Even with current natural gas supplies well outpacing demand in the United States, the fact that the natural resource is in finite supply means the quest for new sources — such as natural gas from gas hydrates — continues. Gas hydrates, a frozen form of natural gas that bursts into flames at the touch of a match, is showing increasing promise as an abundant, untapped source of clean, sustainable energy, according to the U.S. Geological Survey (USGS).

The USGS said natural gas derived from chunks of ice that workers collect from beneath the ocean floor and beneath the arctic permafrost may fuel cars, heat homes and power factories. The icy chunks could supplement traditional energy sources that are in short supply and which produce large amounts of carbon dioxide linked to global warming, U.S. government scientists say.

“These gas hydrates could serve as a bridge to our energy future until cleaner fuel sources, such as hydrogen and solar energy, are more fully realized,” says study co-leader Tim Collett, a research geologist with the USGS in Denver. Collett said gas hydrates — known as “ice that burns” — hold special promise for helping to combat global warming by leaving a smaller carbon dioxide footprint than other fossil fuels.

Recently a group of researchers in New York said it has discovered an optimal temperature and pressure range for maximizing production of natural gas from the icy hydrate material. Marco Castaldi, Yue Zhou and Tuncel Yegualp, of the Department Earth and Environmental Engineering at the Henry Krumb School of Mines of Columbia University, built what they believe to be the world’s largest experimental reactor, filled with sand, water, and methane, to simulate the formation of gas hydrates (at low temperatures and high pressure) and production of the gas. While depressurizing the hydrates to free the methane, the researchers observed a boost in natural gas production between a narrow range of temperatures and pressures. Castaldi, Zhou and Yegualp concluded that maintaining gas production at the settings they observed could be a key step in boosting production of methane on an industrial scale.

Last November a team of USGS researchers that included Collett announced a giant step toward that bridge to the future (see Daily GPI, Nov. 13, 2008). The USGS scientists in a study estimated that 85.4 Tcf of natural gas could potentially be extracted from gas hydrates in Alaska’s North Slope region, enough to heat more than 100 million average homes for more than a decade.
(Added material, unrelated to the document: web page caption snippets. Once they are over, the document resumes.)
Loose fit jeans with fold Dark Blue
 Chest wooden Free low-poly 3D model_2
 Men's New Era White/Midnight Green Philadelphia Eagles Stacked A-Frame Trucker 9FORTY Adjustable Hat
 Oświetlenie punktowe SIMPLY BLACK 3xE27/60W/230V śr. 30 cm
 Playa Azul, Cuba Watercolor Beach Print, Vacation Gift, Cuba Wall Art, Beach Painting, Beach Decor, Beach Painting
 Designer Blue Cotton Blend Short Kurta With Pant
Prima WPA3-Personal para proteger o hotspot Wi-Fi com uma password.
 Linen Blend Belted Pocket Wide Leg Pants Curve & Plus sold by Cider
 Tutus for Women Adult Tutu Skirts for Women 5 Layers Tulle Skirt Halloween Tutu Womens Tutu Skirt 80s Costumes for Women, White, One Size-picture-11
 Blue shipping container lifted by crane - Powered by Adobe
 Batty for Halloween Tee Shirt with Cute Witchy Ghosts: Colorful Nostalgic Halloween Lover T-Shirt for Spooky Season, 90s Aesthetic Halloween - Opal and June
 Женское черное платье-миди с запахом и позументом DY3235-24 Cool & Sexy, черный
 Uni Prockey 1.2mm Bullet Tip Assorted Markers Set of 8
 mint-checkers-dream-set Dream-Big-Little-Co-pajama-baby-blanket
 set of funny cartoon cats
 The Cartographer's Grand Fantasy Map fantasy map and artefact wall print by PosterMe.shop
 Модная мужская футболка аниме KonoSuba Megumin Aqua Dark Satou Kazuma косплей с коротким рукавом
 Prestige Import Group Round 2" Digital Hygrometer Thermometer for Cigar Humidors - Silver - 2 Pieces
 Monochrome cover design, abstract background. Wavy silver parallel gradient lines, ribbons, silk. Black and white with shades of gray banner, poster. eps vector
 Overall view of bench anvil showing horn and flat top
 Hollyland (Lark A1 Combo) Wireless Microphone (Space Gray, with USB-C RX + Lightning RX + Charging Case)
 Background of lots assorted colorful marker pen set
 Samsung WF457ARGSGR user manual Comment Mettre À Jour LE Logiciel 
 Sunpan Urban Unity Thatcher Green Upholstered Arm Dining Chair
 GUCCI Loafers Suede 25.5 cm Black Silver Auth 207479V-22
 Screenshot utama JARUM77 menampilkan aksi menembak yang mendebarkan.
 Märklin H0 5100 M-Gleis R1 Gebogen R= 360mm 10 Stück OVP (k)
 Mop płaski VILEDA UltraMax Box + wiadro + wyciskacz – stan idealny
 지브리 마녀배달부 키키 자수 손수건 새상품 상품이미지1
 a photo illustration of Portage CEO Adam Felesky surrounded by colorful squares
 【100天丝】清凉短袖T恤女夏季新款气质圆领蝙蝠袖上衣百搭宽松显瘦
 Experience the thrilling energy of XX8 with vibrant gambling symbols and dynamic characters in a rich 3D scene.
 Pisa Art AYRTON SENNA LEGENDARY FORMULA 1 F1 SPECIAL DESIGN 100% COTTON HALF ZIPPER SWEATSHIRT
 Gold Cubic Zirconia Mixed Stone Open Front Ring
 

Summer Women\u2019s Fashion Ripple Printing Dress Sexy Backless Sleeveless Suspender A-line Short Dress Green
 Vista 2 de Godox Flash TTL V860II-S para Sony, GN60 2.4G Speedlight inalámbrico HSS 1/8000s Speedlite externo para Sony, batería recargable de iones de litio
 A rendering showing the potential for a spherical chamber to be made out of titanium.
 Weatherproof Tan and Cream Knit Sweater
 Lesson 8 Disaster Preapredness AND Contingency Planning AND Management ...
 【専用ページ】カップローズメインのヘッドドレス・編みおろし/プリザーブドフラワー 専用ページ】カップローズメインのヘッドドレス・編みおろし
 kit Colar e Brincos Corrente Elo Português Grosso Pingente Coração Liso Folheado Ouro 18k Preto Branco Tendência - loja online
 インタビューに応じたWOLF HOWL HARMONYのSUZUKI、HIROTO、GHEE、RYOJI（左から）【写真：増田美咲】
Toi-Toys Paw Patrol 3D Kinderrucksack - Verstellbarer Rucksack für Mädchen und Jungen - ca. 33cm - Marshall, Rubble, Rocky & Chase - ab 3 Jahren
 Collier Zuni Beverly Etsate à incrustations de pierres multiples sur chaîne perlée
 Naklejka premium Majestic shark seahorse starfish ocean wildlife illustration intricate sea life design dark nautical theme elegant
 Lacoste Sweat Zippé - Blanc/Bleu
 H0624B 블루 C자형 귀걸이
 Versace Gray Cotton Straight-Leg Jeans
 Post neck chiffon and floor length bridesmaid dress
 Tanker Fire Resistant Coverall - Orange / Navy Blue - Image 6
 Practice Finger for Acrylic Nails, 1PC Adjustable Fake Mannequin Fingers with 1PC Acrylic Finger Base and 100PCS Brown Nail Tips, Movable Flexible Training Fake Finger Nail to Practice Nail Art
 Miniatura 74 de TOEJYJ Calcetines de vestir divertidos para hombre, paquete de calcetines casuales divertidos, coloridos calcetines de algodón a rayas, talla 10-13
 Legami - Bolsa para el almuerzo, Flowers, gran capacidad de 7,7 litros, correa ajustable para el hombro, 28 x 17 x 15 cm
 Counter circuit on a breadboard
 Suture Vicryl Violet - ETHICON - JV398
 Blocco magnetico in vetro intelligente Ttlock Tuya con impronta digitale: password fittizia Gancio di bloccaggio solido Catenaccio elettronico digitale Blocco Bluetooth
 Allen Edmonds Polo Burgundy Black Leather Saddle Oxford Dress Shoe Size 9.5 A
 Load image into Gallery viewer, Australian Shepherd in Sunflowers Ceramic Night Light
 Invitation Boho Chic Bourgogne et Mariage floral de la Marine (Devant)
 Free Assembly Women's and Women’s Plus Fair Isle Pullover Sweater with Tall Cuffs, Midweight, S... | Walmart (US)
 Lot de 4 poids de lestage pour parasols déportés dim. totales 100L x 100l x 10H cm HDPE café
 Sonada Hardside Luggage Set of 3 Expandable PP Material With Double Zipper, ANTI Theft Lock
“It’s definitely a vast storehouse of energy,” Collett said. “But it is still unknown how much of this volume can actually be produced on an industrial scale.” He says the volume depends on the ability of scientists to extract useful methane, the main ingredient in natural gas, from gas hydrate formations in an efficient and cost-effective manner. Scientists worldwide are doing research on gas hydrates in order to understand how this strange material forms and how it might be used to supplement coal, oil and traditional natural gas, the USGS said.

While gas hydrates were discovered decades ago, scientists have only recently begun to try to use them as an alternative energy source. Gas hydrates, also known as clathrates, form when methane gas from the decomposition of organic material comes into contact with water at low temperatures and high pressures. Those cold, high-pressure conditions exist deep below the oceans and underground on land in certain parts of the world, including the ocean floor and permafrost areas of the Arctic.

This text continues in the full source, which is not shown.